- [Task instructions]
Your copy should start at the line with "Rankšluosčių džiovintuvas Basic-50" and end at the line with "Used 2019 BMW" in the data below. Transcribe only those lines, exactly, pictures excluded.

- [Dataset entries]
....
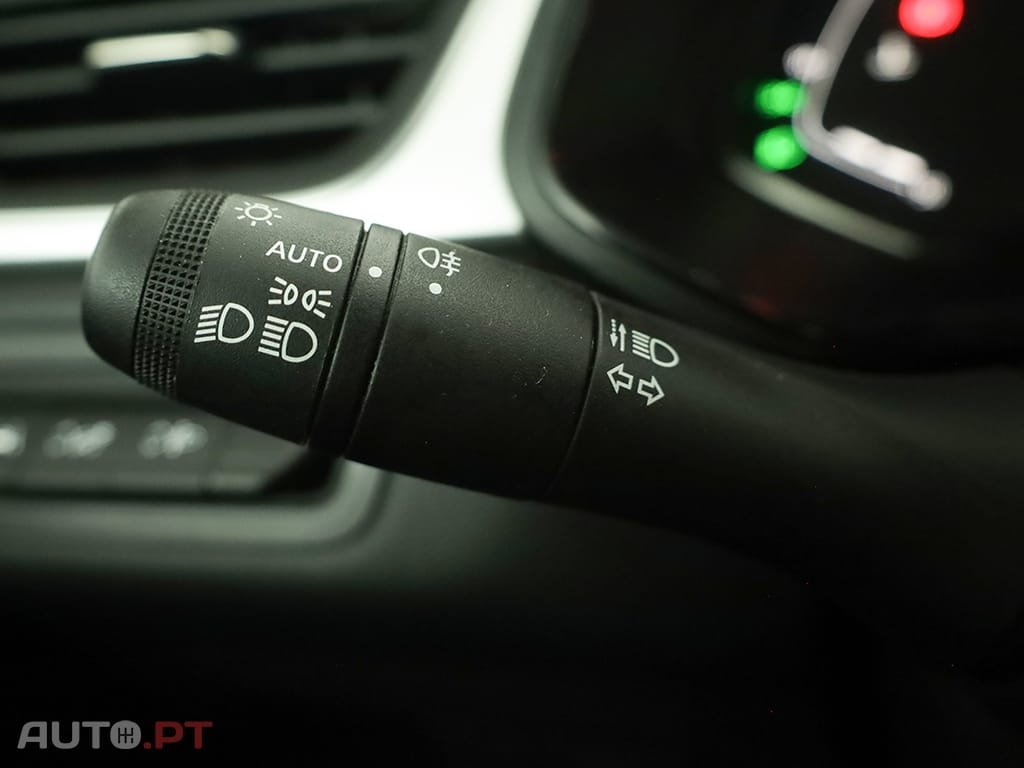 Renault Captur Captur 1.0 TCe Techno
....
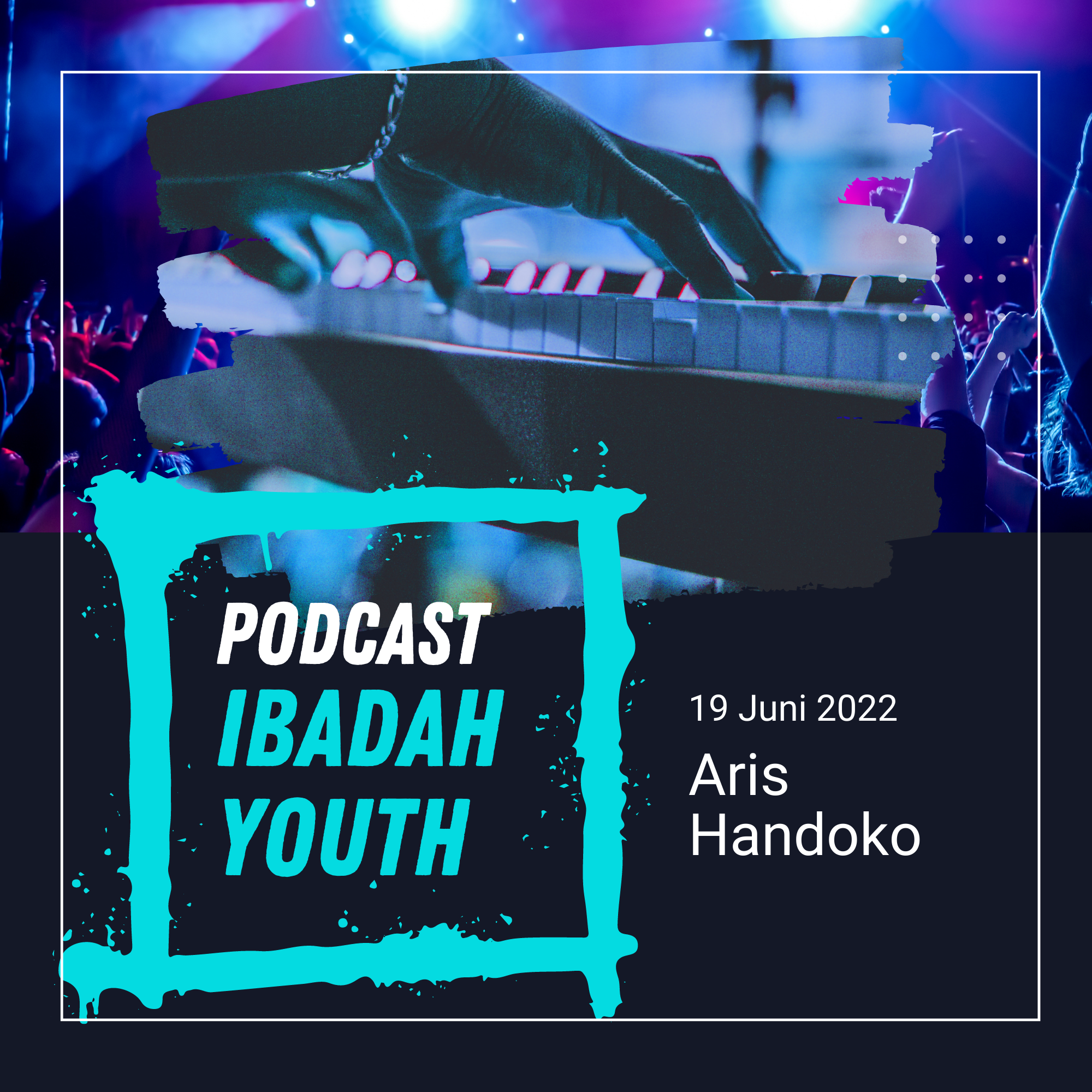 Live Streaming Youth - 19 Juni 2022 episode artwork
....
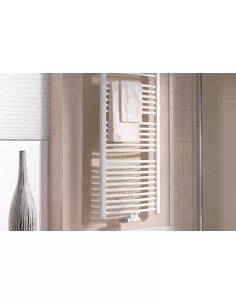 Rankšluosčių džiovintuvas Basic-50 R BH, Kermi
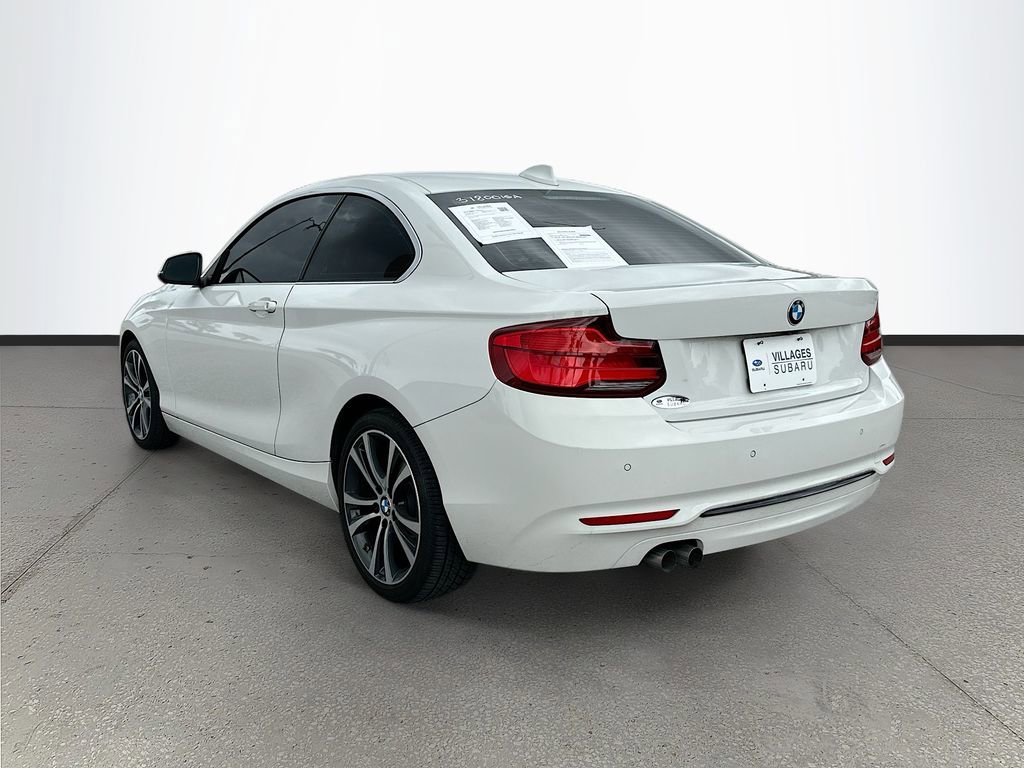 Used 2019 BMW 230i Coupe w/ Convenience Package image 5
....
- [Written solution]
 Rankšluosčių džiovintuvas Basic-50 R BH, Kermi
 Used 2019 BMW 230i Coupe w/ Convenience Package image 5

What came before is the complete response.